The guilt and pain in his eyes was enough to make me want to go back on my word, but what I had said was true, and I couldn’t just forgive him like that. He had ended my life. Just because he hadn’t meant to do it, it didn’t mean that it hadn’t been wrong and destructive. Alex had to see that.

“You destroyed a family and then went on and pretended it never happened.”

“I-” Alex’s voice was raw, and his face was pale with shock, “I’m sorry.”

I shook my head, ignoring the lump in my throat that was growing by the second. “How can you just be sorry?” The disbelief that had been rising in my chest revealed itself, desperate to relay to Alex just how wronged I felt.

Alex said nothing, but leaned against his car more heavily, like it was the only thing still holding him up. “That’s all I can say.”

I stared at him, my body shaking with exhaustion of the mental and physical variations. Lucy’s death- my death had caught up with me. Everything crashed into me, a wave dragging me under, into the depths of swirling emotion.

Alex watched me, as I had watched him, but instead of keeping us separate, he took me in his arms and held me to him.

“She had a little sister, you took her away from a family.” I breathed shakily into his chest, my hands clenched into fists. “You took away my mother’s peace of mind.”

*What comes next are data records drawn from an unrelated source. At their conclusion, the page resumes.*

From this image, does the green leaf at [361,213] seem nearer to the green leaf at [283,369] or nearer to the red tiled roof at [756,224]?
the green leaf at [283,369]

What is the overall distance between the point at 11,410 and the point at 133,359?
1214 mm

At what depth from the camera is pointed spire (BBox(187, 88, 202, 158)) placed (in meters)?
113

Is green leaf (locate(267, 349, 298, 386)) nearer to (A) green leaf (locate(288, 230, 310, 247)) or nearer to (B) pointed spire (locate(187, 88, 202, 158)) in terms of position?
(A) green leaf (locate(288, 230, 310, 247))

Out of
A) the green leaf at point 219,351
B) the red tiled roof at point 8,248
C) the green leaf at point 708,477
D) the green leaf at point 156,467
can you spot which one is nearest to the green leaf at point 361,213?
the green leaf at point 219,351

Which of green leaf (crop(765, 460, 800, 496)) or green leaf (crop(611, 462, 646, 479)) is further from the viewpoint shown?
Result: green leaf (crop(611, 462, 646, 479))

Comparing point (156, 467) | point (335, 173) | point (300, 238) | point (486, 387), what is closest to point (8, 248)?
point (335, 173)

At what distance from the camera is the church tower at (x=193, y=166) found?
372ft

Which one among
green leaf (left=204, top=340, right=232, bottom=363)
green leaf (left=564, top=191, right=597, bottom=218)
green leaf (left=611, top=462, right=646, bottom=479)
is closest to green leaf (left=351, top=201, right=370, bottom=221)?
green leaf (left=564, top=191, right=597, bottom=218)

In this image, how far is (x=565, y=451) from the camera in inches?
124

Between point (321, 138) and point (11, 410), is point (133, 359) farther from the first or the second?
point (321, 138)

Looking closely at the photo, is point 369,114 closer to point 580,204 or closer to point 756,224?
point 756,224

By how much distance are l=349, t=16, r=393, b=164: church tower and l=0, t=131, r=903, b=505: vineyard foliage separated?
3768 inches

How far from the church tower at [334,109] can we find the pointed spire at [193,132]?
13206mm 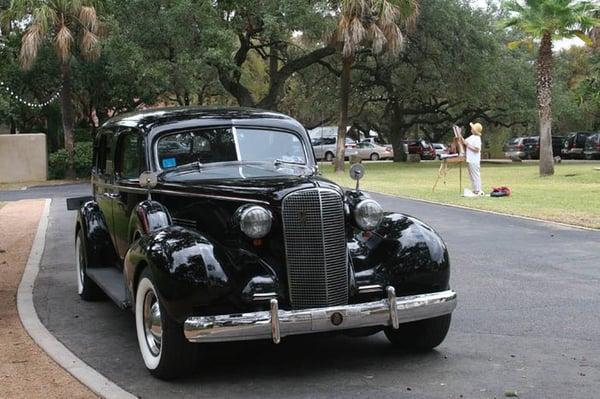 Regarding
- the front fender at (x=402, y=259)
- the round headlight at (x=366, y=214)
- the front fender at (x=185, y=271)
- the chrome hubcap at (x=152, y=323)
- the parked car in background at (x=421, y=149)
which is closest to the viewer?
the front fender at (x=185, y=271)

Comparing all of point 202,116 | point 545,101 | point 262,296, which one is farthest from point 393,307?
point 545,101

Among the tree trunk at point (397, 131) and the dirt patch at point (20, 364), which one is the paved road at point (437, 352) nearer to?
the dirt patch at point (20, 364)

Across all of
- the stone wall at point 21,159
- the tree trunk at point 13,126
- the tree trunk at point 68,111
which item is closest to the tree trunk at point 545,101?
the tree trunk at point 68,111

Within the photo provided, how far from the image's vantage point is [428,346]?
5.45 metres

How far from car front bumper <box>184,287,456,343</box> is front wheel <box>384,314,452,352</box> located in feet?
2.00

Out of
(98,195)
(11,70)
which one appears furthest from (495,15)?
(98,195)

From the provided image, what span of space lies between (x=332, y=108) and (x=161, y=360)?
36.5 m

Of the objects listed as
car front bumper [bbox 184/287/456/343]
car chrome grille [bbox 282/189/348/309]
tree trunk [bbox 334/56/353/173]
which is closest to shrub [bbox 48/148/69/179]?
tree trunk [bbox 334/56/353/173]

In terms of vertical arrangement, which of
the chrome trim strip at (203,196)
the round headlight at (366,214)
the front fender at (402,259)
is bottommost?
the front fender at (402,259)

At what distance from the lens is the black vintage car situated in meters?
4.62

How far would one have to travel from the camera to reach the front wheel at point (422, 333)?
17.5 ft

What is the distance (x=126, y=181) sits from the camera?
21.7 feet

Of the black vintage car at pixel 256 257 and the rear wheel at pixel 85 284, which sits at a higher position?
the black vintage car at pixel 256 257

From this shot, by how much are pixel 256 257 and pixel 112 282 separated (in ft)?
7.69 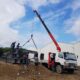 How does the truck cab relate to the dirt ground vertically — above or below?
above

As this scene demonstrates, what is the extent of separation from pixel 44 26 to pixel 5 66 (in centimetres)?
951

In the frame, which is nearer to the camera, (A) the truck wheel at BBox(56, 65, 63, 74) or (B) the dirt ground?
(B) the dirt ground

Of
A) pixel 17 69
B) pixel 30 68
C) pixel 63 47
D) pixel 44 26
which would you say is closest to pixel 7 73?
pixel 17 69

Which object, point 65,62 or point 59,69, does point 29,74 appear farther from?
point 65,62

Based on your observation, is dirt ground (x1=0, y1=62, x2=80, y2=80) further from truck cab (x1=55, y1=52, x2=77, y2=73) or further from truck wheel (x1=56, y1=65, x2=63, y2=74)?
truck cab (x1=55, y1=52, x2=77, y2=73)

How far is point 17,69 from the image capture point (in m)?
34.0

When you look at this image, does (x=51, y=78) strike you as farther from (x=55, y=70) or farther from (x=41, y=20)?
Result: (x=41, y=20)

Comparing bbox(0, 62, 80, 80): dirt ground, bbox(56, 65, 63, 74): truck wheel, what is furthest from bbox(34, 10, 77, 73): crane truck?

I didn’t notice that my shoulders were heaving with sobs of anger and deep wretchedness. Alex was silent as I blamed him, each accusation hitting his soul with painful accuracy. I cried until I ran out of tears to cry and energy to cry them. Still, Alex was there when I was done, and though I refused to forgive him, he walked me to my apartment, despite the fact that I wouldn’t look at him or speak.

I closed the door behind me with a stiff nod as his only acknowledgment and collapsed on the couch in the living room. Curling up in a ball, with my knees tucked up to my chest, I let the last of my shaking sobs subside.

The last of my hiccups and sniffles faded away, leaving an unbearable silence in the light room. Even though sunrise was a couple of hours away, I left the lights on because the dark no longer felt safe or comforting. I slipped my earphones into my ears and pressed play, letting soothing notes fill the silence that plagued me.